However, there is nothing wrong with keeping fish for the dinner table if you're so inclined. Anglers keeping a couple of fish is not going to decimate a fish population unless habitat is not suitable or management is inneffective or nonexistent.

As long as we treat our lakes as a valuable natural resource and act accordingly (no litter, keep only enough to eat), nature will take care of the rest to a certain extent.

One exception, I don't think it is ever acceptable to fish for bedding fish.

Just my opinion.

Good Fishin'


Joe


----------



## pizza (Apr 4, 2008)

I don't believe there to be a single _public_ fishery in _Ohio_(reservoir, pond, river, or creek) where catch and release would be bad. Argue all you want, you won't change my mind. I mean is the article trying to say that 5,000 years ago, mother nature didn't know what's up?

There are a lot of fisherman in Ohio (a lot of people period) and it is a small state. Fishing pressure is much higher than in the states mentioned (Oklahoma and NE Georgia). Not to mention the article is written by B.A.S.S.(who cares more about making money than conservation, simple as that)......

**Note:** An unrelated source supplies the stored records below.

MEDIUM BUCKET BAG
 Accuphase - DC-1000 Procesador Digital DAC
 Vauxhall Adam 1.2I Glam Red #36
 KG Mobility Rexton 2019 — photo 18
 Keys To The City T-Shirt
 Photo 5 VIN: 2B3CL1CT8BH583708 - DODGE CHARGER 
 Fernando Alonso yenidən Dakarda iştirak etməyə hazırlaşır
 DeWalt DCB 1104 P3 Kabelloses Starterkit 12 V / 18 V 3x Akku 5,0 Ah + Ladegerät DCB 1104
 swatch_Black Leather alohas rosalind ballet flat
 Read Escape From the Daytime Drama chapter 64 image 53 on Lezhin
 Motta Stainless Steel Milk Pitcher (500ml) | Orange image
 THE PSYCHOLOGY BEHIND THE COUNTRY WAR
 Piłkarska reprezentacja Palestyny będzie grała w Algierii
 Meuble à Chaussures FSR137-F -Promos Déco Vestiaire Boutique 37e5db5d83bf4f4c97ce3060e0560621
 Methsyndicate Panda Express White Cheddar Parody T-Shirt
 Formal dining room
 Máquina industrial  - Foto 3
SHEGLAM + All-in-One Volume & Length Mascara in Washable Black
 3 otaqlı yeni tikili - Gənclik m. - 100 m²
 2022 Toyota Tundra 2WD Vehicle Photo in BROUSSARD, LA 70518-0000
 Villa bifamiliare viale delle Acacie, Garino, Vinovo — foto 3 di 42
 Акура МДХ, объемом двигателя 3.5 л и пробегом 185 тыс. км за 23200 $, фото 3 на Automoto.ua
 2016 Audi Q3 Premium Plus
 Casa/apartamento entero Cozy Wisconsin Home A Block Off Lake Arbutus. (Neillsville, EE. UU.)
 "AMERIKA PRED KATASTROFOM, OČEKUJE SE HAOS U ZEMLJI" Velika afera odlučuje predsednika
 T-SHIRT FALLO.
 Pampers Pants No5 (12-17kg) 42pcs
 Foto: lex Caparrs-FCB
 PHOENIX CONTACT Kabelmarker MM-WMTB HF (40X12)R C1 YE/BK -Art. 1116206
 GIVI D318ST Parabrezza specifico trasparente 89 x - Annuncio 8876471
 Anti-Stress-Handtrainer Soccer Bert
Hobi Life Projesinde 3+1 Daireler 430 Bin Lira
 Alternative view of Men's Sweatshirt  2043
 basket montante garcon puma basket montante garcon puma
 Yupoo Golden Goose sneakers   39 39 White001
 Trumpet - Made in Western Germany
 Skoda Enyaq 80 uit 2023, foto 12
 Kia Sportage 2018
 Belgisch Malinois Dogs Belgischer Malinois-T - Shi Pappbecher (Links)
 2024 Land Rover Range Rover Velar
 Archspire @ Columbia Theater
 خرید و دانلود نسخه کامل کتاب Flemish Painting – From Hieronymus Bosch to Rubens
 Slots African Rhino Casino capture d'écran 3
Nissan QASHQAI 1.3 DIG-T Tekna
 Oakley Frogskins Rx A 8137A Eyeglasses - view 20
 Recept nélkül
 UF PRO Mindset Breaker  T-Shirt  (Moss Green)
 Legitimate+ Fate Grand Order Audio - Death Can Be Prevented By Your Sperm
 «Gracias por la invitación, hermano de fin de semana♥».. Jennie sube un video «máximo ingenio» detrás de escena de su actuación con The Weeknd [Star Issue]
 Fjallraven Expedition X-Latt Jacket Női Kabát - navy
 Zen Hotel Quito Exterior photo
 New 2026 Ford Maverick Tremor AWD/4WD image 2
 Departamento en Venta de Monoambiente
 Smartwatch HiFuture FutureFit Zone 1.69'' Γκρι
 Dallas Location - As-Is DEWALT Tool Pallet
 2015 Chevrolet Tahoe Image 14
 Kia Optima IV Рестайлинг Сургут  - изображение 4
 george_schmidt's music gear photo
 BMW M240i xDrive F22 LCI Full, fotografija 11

Having said that, to each his/her own. Just follow regs. I'd prefer someone keep their limits every time out and not drive a Hummer, than C&R and drive a Hummer (tools). Substitute "have a large carbon footprint" for "drive a Hummer" if you prefer. There was a great editorial in Field and Stream earlier this year about this and how the guy was proud of his F-150 (good for him, he mentioned all the other things he did to keep his carbon footprint small)


----------



## misfit (Apr 5, 2004)

> I don't believe there to be a single public fishery in Ohio(reservoir, pond, river, or creek) where catch and release would be bad. Argue all you want, you won't change my mind. I mean is the article trying to say that 5,000 years ago, mother nature didn't know what's up?


LOL.why do people try to make comparisons between today and 5000 years ago? 
there is a night and day difference.


----------



## andyman (Jul 12, 2005)

I agree with the article 10,000%.

_"Chris Horton, director of BASS Conservation, says that catch and release has contributed greatly to the sustainability of fisheries over the last thirty years, but he also admits that on certain waters there needs to be more harvest."_

And I will continue to promote 100% Catch and Release for LOTIC smallmouth bass. A river environment is completely different than a lake environment.
However, I can think of MANY lakes that could use a whole bunch of selective harvest.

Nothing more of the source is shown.